A randomized, open-label, comparative, multi-center trial to evaluate contraceptive efficacy, cycle control, safety and acceptability of a monophasic combined oral contraceptive (COC) containing 2.5 mg nomegestrol acetate (NOMAC) and 1.5 mg estradiol (E2), compared to a monophasic COC containing 3 mg drospirenone (DRSP) and 30 ug ethinyl estradiol (EE).

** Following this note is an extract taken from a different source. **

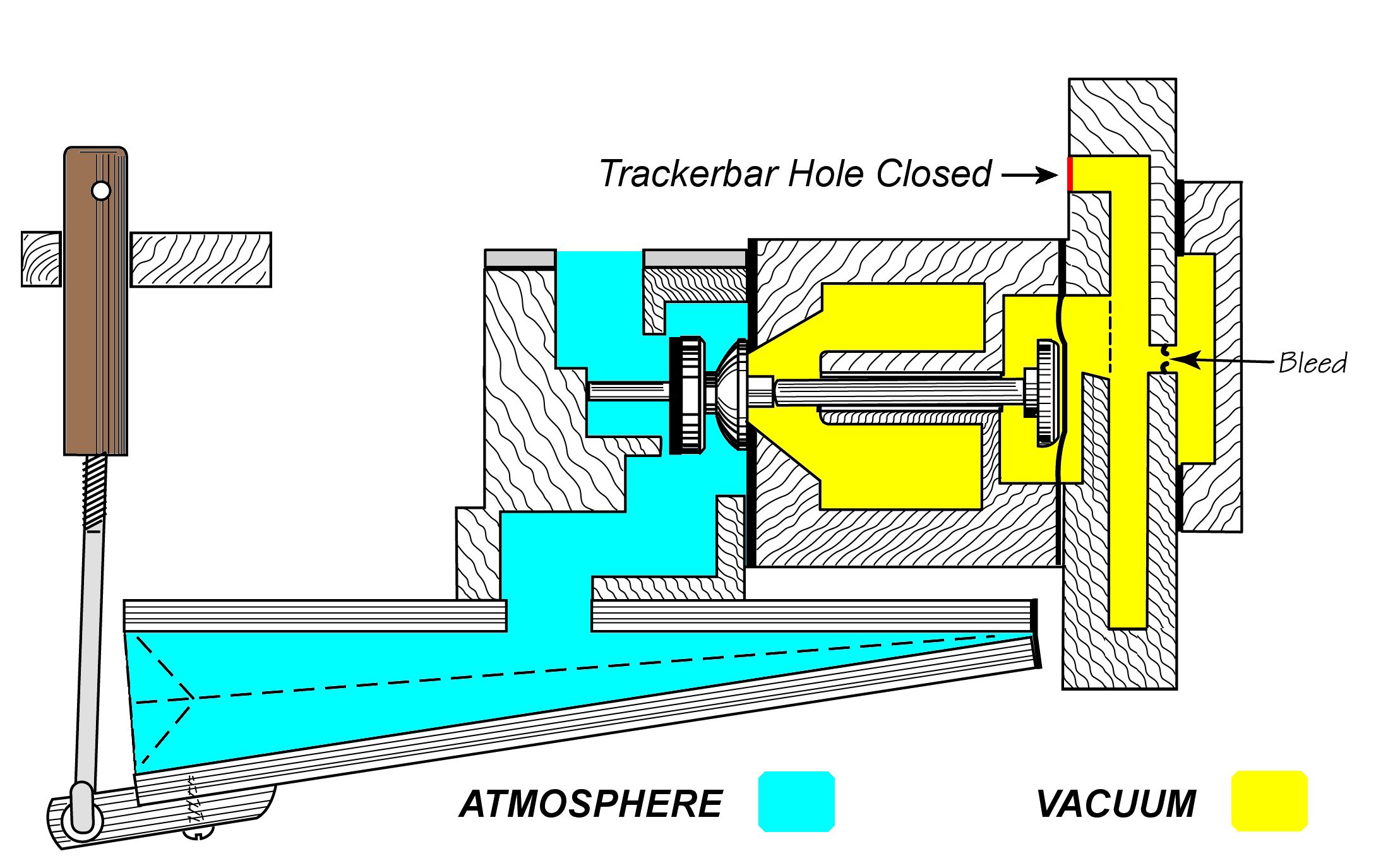 Pratt-Reed - Valve in Off position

The NOMAC/E2 COC contains the natural 17 B estradiol ( E2) and the nomegestrol
acetate as progestagen. It is generally perceived that an E2 containing COC
will be associated with a more favorable safety profile than EE containing
COCs.

• To assess contraceptive efficacy, vaginal bleeding patterns (cycle control),
general safety and acceptability of the NOMAC-E2 COC in a large group of
women aged 18-50 years.

This is a randomized, open-label, comparative trial. In total 2080 women
between 18 and 50 years old will participate in this trial. Women who qualify
for participation will be randomised, after they have given their permission
and they have been screened, for treatment with NOMAC E2 pill (1.5 mg estradiol
(E2) and 2.5 mg nomegestrol acetate (NOMAC) or the DRSP-EE pill (3.0 mg
drospirenone and 30 µg ethinylestradiol). The treatment period will consist of
13 cycles.

NOMAC/E2 ( 2,5 mg nomegestrol acetate /1,5 mg oestradiol) combined oral
contraceptive
or
DRSP/EE ( 3 mg drospirenone/ 30 ug ethinyl estradiol) combined oral
contraceptive

Healthy fertile women will be treated during 13 cycles with NOMAC-E2 COC or
the DRSP-EE COC. The discomfort consists mainly out of 6 visits to the clinic
(6 weeks after the 6th visit the subject will be contacted by telephone or
visit at clinic), electronic diary, questionnaires, blood samples, breast
examination, cervical smear en physical / gynaecological examination. The
subjects will get extensively check ups, a lot of information and a
compensation for costs for time, eventual discomforts and travelling.